◆ **Task instructions**: All the lines below need to be transcribed exactly. Pictures get left out.
Start of Provided data
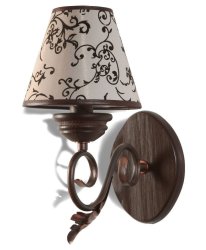 Светильник настенный (бра) с абажуром 13203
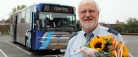 Ugens buket fra Bellis Blomster tog bussen til Hjørring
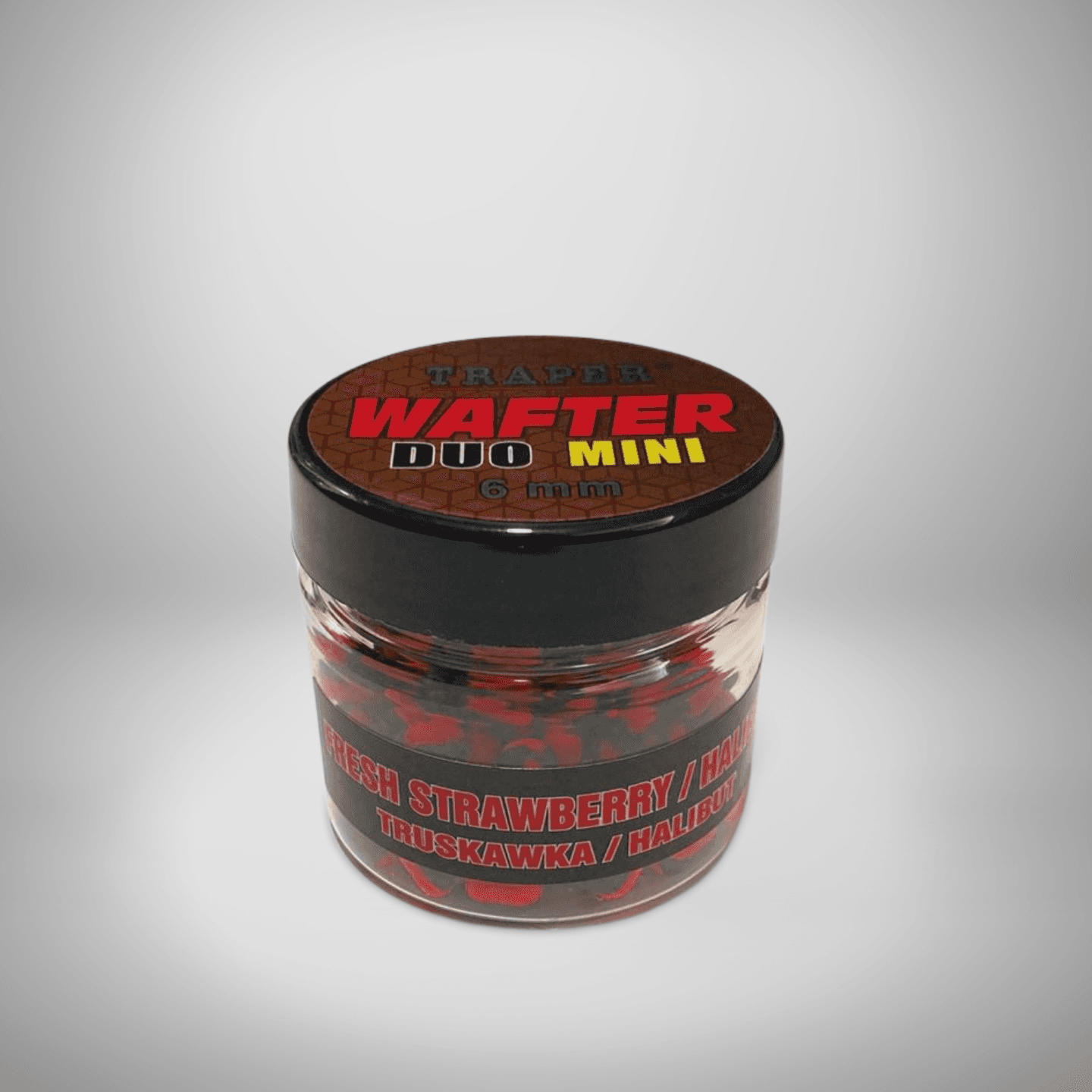 TRAPER MF Wafter Duo-Mini Mamac, 6mm, Jagoda/Halibut, 15g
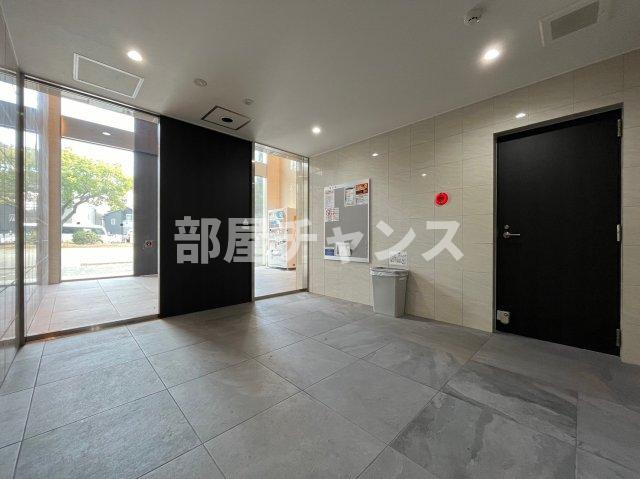 CAVANA新栄のロビー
End of Provided data
◆ **The answer**:
 Светильник настенный (бра) с абажуром 13203
 Ugens buket fra Bellis Blomster tog bussen til Hjørring
 TRAPER MF Wafter Duo-Mini Mamac, 6mm, Jagoda/Halibut, 15g
 CAVANA新栄のロビー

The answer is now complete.